If the Roberts Court rules for Wal-Mart and raises the bar for maintaining a class action, the result could be devastating for enforcement of civil rights and employment discrimination laws. Some of the most important civil rights cases in American history were class action lawsuits. Brown v. Board of Education ended racial segregation in public schools in a class action. Griggs v. Duke Power empowered employees to remedy seemingly neutral policies that disproportionately harmed racial minorities. The pollution case portrayed in the movie Erin Brockovich and the sexual harassment case portrayed in North Country were also class actions. Class actions have allowed for historic civil rights gains because of the unique tools they provide to combat discrimination and other forms of corporate misbehavior.

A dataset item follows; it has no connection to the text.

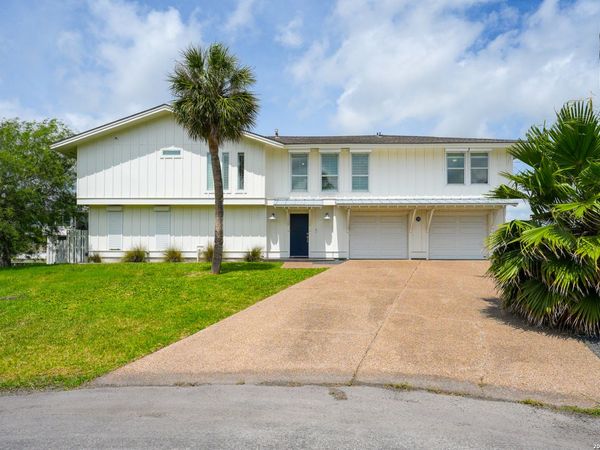 29 Whooping Crane Ln, Rockport, TX 78382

Class actions play an essential role in holding corporations accountable for their widespread unlawful behavior, particularly when the harm suffered by each individual is small relative to the larger discriminatory picture. An individual is far less likely to enforce rights in court if the recoverable damages are too small to justify the cost of lengthy litigation or arbitration, a fact which often allows corporations to get away with unlawful conduct. The Supreme Court has recognized this function:
The policy at the very core of the class action mechanism is to overcome the problem that small recoveries do not provide the incentive for any individual to bring a solo action prosecuting his or her rights. A class action solves this problem by aggregating the relatively paltry potential recoveries into something worth someone’s (usually an attorney’s) labor.As a result of the relative disadvantages of filing an individual claim, most plaintiffs who lose at the class certification stage, and are consequently unable to share the burdens of litigation with a larger class, do not pursue individual discrimination claims. One reason is that the cost of bringing a lawsuit can be much higher than the potential return to individual plaintiffs, resulting in “negative value” claims. For example, the average settlement in a sex discrimination claim deemed by the Equal Employment Opportunity Commission (EEOC) to have merit is $34,200, which is not enough to cover litigation costs and still compensate the plaintiff.

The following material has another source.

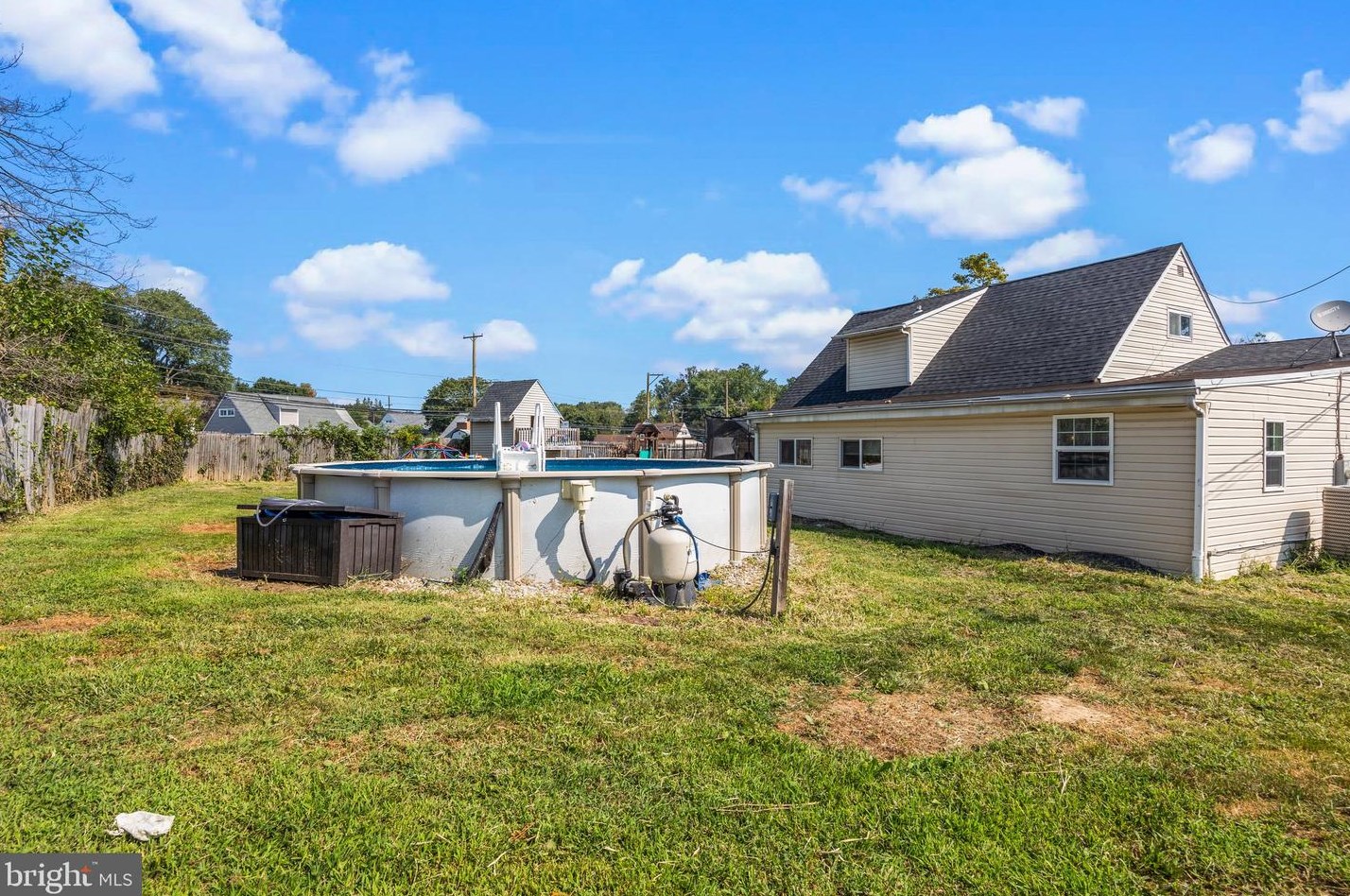 219 Plumbridge Dr, Levittown PA 19056-3536 exterior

Many individual plaintiffs are also unaware that they have a claim. In the Wal-Mart case, for example, Wal-Mart strictly prohibits employees from discussing pay. It also tends to segregate women and men into different store departments. This keeps employees ignorant of pervasive pay discrepancies throughout Wal-Mart’s system. Even if aware they might have a claim, potential low returns and fear of retaliation keep individuals from seeking compensation when they have been discriminated against. Wal-Mart’s threats of retaliation are well-documented.
Class actions allow plaintiffs to uncover company-wide statistics that provide a more accurate measure of whether the company is engaged in a pattern of discrimination or its conduct has a discriminatory effect. The standard of proof in pattern-or-practice and disparate impact cases is also very different than in an individual lawsuit. In the former, courts look at the overall practices of a company, with plaintiffs carrying the burden of showing that unlawful discrimination has been the regular procedure or policy, or that while fair in form, company policy is discriminatory in operation. In the latter, the focus is on the decisions of management applied to each individual. Statistical evidence is often decisive in class actions, but may be irrelevant in individual lawsuits. Without it, however, discriminatory practices that can be seen in a company overview may remain hidden.